Ein Mural, das mir bei der Recherche zum Street Art Thema besonders ins Auge gestochen ist und mich zutiefst berührt hat: Der französische Künstler Seth Globepainter schuf ein Mural, das von den Kindern inspiriert sei, die er beim Malen im Donbass getroffen habe. In seinem Stück schwenkt ein junges Mädchen mit Blumenkrone stolz die ukrainische Flagge, während es auf russische Panzer tritt. Er hat das Stück auch einem ukrainischen Freund gewidmet, der sich noch in Kiew aufhält.

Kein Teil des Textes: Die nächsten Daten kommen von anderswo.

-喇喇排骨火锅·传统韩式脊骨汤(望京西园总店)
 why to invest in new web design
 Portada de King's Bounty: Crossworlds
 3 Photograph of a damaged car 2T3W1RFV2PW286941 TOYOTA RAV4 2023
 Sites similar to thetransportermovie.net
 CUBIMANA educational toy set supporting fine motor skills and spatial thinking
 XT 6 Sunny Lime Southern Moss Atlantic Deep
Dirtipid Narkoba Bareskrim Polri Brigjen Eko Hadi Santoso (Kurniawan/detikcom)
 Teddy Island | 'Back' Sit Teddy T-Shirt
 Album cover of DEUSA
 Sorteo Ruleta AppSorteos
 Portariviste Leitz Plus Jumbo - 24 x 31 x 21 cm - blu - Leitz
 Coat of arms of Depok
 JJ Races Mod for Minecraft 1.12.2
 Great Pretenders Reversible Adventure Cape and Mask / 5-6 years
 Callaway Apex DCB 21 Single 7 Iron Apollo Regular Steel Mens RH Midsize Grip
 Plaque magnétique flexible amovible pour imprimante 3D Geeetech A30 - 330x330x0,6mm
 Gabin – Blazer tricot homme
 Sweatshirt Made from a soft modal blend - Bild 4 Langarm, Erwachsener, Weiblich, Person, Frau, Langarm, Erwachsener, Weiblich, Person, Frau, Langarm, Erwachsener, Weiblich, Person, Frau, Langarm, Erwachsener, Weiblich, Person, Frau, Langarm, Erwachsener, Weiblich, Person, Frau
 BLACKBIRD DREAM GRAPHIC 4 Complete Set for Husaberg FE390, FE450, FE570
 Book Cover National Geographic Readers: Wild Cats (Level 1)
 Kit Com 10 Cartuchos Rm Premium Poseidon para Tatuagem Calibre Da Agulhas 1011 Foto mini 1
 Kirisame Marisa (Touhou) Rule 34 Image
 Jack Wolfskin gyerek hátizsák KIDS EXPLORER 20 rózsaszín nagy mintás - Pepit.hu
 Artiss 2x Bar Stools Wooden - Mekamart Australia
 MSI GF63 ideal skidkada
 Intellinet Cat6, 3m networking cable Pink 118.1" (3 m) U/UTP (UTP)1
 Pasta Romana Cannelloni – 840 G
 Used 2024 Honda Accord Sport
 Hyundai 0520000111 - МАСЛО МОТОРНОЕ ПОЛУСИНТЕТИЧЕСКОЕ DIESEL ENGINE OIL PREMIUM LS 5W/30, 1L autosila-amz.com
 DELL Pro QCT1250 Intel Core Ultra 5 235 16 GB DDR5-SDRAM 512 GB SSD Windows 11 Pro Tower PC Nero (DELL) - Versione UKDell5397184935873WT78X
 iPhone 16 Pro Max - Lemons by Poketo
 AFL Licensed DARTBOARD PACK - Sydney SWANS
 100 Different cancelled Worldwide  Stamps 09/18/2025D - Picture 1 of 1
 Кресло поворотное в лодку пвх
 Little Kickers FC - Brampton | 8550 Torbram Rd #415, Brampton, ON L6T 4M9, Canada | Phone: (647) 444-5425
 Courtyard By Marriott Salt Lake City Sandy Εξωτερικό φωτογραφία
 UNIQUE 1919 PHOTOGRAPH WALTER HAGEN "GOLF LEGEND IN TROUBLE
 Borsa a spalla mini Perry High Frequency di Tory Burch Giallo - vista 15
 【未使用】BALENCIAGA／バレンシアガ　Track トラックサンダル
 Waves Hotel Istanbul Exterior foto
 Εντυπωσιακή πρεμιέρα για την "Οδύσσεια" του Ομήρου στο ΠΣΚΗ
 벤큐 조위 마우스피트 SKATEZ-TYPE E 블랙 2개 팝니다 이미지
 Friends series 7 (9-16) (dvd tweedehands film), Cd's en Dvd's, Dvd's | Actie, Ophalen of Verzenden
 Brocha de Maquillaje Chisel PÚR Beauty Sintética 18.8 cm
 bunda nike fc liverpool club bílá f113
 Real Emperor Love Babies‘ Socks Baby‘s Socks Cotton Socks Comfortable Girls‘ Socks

Aber ich will den Mut der russischen Bevölkerung an dieser Stelle nicht unerwähnt lassen. Auch wenn dies eher jetzt in die Kategorie revoltierende Street Performance fällt und nicht direkt der Street Art zuzuordnen ist – eine junge Frau hat in Moskau ein Schild hochgehalten auf dem Stand “Zwei Worte” (statt “Kein Krieg”, da dies ja der Zensur zum Opfer gefallen ist) – aber selbst sie wurde kurzerhand von der russischen Riot Police mitgenommen. Sich gegen ein totalitäres Regime in diesen Zeiten zur Wehr setzen, obwohl die Konsequenzen mehr als trist sind, wie wir ja schon von den Pussy Riots wissen, diesen Menschen gebührt mein tiefster Respekt, so wie der gesamten ukrainischen Bevölkerung. Ein weiterer Aktionismus Stunt fand am Tag der Sendung im russischen Nationalfernsehen statt. Marina Ovsyannikova, eine Mitarbeiterin des Perwy Kanals (der wichtigste russische Sender und ein integraler Teil für die Kreml Propaganda Maschine), die ihre Protestaktion zuvor in sozialen Netzwerken angekündigt hat, wie der Kurier berichtet. “Das, was in der Ukraine passiert, ist ein Verbrechen, sagt sie in einem Video. “Und die Verantwortung für diese Aktion liegt allein bei Wladimir Putin.” Weiter sagt sie: “Mein Vater ist Ukrainer, meine Mutter ist Russin, und sie waren niemals Feinde. beschäftigt. (Hier der Link zum Kurier Artikel. Hier auch ein guter Der Standard Artikel).
Wie eine derzeit oft verwendete journalistische Weisheit besagt “Die Wahrheit stirbt im Krieg zuerst”, möchte ich dagegen halten „Aber die Hoffnung stirbt zuletzt“!